WHAT THE TASK REQUIRES: Could you set down exactly the lines of the data below, starting at the one that holds "In this video, we" and ending at the one that holds "If you'd like", both included, and only those?
=== LISTED RECORDS ===
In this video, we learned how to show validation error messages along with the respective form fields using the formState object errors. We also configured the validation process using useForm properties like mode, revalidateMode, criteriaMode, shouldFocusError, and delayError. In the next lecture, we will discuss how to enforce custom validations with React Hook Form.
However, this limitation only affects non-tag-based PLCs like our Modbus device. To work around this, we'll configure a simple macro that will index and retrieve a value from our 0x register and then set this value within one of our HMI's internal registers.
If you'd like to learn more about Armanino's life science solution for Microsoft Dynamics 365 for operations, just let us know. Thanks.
===
=== LISTED RECORDS ===
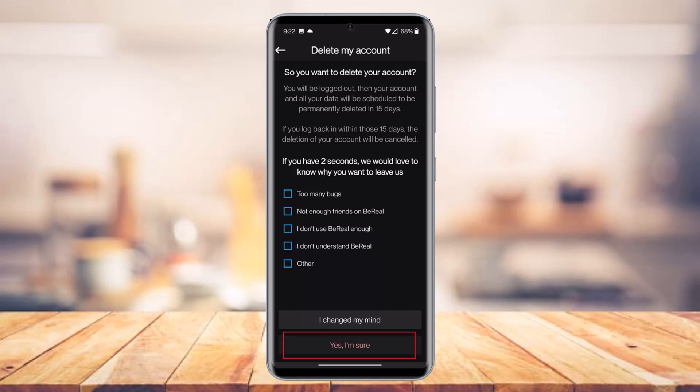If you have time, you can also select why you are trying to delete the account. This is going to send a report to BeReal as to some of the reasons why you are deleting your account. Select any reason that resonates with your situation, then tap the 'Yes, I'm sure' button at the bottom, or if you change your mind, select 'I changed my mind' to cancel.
===
ANSWER TO THIS PROBLEM:
In this video, we learned how to show validation error messages along with the respective form fields using the formState object errors. We also configured the validation process using useForm properties like mode, revalidateMode, criteriaMode, shouldFocusError, and delayError. In the next lecture, we will discuss how to enforce custom validations with React Hook Form.
However, this limitation only affects non-tag-based PLCs like our Modbus device. To work around this, we'll configure a simple macro that will index and retrieve a value from our 0x register and then set this value within one of our HMI's internal registers.
If you'd like to learn more about Armanino's life science solution for Microsoft Dynamics 365 for operations, just let us know. Thanks.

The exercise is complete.